Source material:

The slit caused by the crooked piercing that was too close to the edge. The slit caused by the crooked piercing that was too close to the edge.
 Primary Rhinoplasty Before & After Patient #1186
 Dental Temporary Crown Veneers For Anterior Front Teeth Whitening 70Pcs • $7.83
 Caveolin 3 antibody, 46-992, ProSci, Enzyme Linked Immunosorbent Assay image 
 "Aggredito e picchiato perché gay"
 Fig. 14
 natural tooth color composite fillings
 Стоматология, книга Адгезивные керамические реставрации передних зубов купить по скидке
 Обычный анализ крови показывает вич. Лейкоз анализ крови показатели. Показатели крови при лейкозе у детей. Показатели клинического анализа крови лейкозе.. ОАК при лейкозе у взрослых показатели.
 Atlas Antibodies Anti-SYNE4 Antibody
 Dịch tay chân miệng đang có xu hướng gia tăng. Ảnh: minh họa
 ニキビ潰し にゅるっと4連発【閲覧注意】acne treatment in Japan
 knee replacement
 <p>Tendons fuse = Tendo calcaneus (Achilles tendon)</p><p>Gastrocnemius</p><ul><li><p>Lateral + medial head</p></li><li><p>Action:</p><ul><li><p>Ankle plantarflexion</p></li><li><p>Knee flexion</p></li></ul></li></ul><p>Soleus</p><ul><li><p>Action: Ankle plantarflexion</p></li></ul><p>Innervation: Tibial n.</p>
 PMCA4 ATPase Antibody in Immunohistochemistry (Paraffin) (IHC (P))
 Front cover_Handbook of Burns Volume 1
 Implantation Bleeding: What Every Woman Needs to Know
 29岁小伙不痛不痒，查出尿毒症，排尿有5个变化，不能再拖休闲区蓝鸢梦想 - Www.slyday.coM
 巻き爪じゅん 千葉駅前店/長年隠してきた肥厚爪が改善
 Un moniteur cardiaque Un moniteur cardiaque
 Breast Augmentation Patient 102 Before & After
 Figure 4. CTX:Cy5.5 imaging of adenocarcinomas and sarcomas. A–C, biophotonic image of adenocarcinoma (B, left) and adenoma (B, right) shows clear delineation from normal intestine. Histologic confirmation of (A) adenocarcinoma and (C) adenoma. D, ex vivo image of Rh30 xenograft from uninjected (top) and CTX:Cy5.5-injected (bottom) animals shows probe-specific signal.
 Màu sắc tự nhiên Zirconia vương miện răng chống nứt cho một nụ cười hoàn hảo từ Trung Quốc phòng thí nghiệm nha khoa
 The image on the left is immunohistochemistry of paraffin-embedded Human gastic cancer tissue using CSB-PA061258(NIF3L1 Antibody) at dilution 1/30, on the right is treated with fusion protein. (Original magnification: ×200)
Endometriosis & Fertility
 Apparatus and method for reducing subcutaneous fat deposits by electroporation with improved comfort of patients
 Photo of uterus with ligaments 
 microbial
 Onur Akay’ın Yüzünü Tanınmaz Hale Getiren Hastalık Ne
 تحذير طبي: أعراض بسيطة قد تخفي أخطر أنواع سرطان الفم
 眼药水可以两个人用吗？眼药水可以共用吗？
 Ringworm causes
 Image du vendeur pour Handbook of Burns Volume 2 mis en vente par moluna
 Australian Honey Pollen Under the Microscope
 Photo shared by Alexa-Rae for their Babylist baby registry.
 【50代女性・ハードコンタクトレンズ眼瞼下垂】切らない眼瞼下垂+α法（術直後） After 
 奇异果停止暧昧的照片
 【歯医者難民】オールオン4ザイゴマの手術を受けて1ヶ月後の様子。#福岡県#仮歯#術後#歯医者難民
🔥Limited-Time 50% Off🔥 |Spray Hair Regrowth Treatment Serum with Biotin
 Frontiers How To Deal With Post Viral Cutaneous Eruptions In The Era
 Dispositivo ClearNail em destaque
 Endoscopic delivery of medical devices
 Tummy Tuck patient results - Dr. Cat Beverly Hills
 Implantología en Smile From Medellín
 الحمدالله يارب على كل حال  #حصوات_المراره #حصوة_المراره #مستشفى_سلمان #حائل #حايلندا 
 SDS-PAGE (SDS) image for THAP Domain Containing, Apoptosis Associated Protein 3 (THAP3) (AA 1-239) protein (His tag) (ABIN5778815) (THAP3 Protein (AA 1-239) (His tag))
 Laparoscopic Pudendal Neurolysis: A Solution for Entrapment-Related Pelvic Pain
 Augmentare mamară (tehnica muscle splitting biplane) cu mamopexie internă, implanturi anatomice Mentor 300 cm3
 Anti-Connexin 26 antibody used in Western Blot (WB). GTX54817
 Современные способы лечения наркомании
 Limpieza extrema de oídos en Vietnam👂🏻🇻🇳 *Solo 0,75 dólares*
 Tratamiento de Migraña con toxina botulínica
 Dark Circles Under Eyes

What you have to do: The lines above from the one with "Laparoscopic Pudendal Neurolysis: A" through the one with "Современные способы лечения наркомании" are to be duplicated exactly, ends included, with nothing added.

Answer box:
 Laparoscopic Pudendal Neurolysis: A Solution for Entrapment-Related Pelvic Pain
 Augmentare mamară (tehnica muscle splitting biplane) cu mamopexie internă, implanturi anatomice Mentor 300 cm3
 Anti-Connexin 26 antibody used in Western Blot (WB). GTX54817
 Современные способы лечения наркомании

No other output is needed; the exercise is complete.